Dr Kiran Mazumdar-Shaw CMD, Biocon The author has been named among TIME magazine’s 100 most influential people in the world. Under her stewardship, Biocon has evolved from its inception in 1978 as an industrial enzymes company to a fully integrated biopharmaceutical enterprise encompassing a portfolio of products and services with research focus on diabetes, oncology and auto-immune disease. During this transition, Biocon established two subsidiaries Syngene and Clinigene.

In recent times, regulators have adopted an inflexibly defensive mindset and seem to be looking for that perfect pill that scores a 100 on efficacy and a zero on side effects. As regulators keep raising the bar for approval, the drug pipeline is diminishing to a trickle, even while discovery research and drug development is gathering pace. On one hand, pharmaceutical companies are battling escalating costs, extended time to market, and a high failure rate in this risk-averse regulatory climate. On the other hand, the medical needs of millions across the world remain unmet.

Even when a drug is approved, healthcare systems do not support it unless pharma companies can rationalize the risk-benefit ratio to patients to an extent that justifies the drug’s high cost. To get an idea of what it takes to develop a new drug, we need to consider the rocketing costs in terms of both time and money. A study by the Tufts Center on the study of drug development puts the average time and cost taken to develop a drug at eight years and anywhere between $1.2-2 billion.

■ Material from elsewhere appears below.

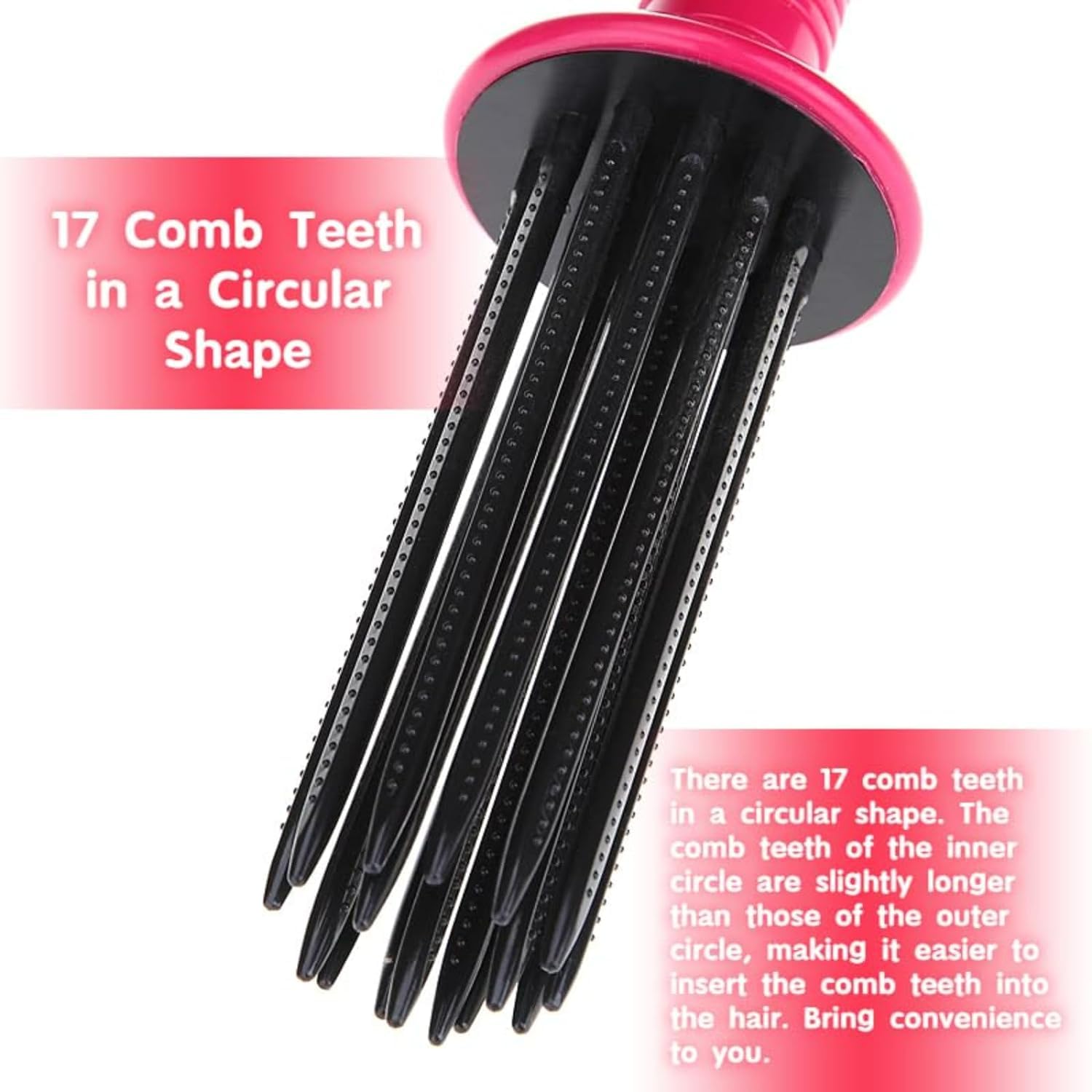 Neuvikter 17 Teeth Round Comb Hair Brush, Portable Anti‑slip Curling Wand, Curly Hair Styler Tool, Air Volume Comb, Professional Hairstyling Tools for Hair Salon, Home (1Pc)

If a new drug merely shows incremental benefits, as many drugs do, it fails the test of “acceptable risk-benefit profile” and healthcare systems may not reimburse insurers. Thus, patients who need the drug the most, do not get access. It is only when a drug fulfills a hitherto unmet need such as Yervoy (Ipilimumab), the first agent ever proven to improve survival in advanced metastatic melanoma, that the drug can end up on the right side of the risk-benefit ratio desired by regulators and command a premium price from healthcare systems and insurers.

In this risk-averse environment, we need to address the regulatory challenge in an innovative way. We need to pursue regulatory innovation that acts as the catalyst for ensuring that novel drugs, based on scientific advances, reach patients quickly. We need an approach that helps pharma companies reduce the cost of drug development and recover the cost of innovation, while providing access to patients who will benefit from such novel therapeutics at acceptable cost.

I believe that developing and incorporating biomarkers and companion diagnostics in the drug development process can help us attain these objectives. Companion diagnostics – the use of genetic, proteomic, or gene markers – can help pharma companies develop and deliver more effective and personalized medicines at a lower cost.

We can leverage bio-markers and companion diagnostics at the clinical trials stage, screening patients to guard against accepting subjects who may increase the drug’s risk profile and selectively including those who can benefit. Selecting high responders in a drug trial can help reduce the trial size, enhance the trial outcome, contain costs, and, create a better reimbursement model. A pharma company can add clinical markers in the clinical design that address risks upfront – say microvascular or renal biomarkers in a diabetes drug trial – to admit or exclude certain patients. The patients enrolled in the trial are, therefore, likely to show better response with reduced side effects, and since the tailored treatment allows a better view of the outcome, fewer patients may need to be included for the trial.
When the safety risk is lowered in this manner and the efficacy profile enhanced, the outcome of the trial can be statistically significant through the extraction of augmented data. Given the reluctance of health systems in reimbursing high-priced drugs that provide only marginal benefit, such strong data can provide a much stronger risk-benefit rationale.

Combining drug development with a companion diagnostic, I believe, will help to lower regulatory hurdles and speed up the process. For instance, most recently, the USFDA gave a swift nod – in just over three months – to Roche’s Zelboraf (vemurafenib), when it was presented for approval with its companion BRAF V600 mutation test. Compare this with approval challenges that many cancer drugs face from clinical data drawn from enrolling “all comers”, something that most companies prefer to do to increase the market opportunity but fail in terms of statistical outcomes.

Not only does such an approach reduce the size and cost of regulatory clinical trials, it also enables insurers to reimburse healthcare providers for the treatment. Take Herceptin as a case in point. When it was proven through its companion diagnostic that HER2-positive breast cancer patients responded better to Herceptin, the drug was targeted at only such patients and won both regulatory approval and reimbursement support from healthcare systems.

With the deployment of companion diagnostics gaining traction, pharmaceutical companies need to develop their proprietary diagnostic tools in tandem with drug development. Such a strategy will allow the company to own the tool’s intellectual property (IP) and will pay significant dividend in terms of speedier regulatory approval, increased market penetration and enhanced revenue whilst also protecting the IP of the drug itself.

When pharma companies are unable to stratify and select suitable patients, a drug under trial can show a risk profile that is unfairly attributable to it. Companion diagnostics can help pharma companies assess risk in a more meaningful way and ensure that drugs can be made speedily accessible and more affordable to patients.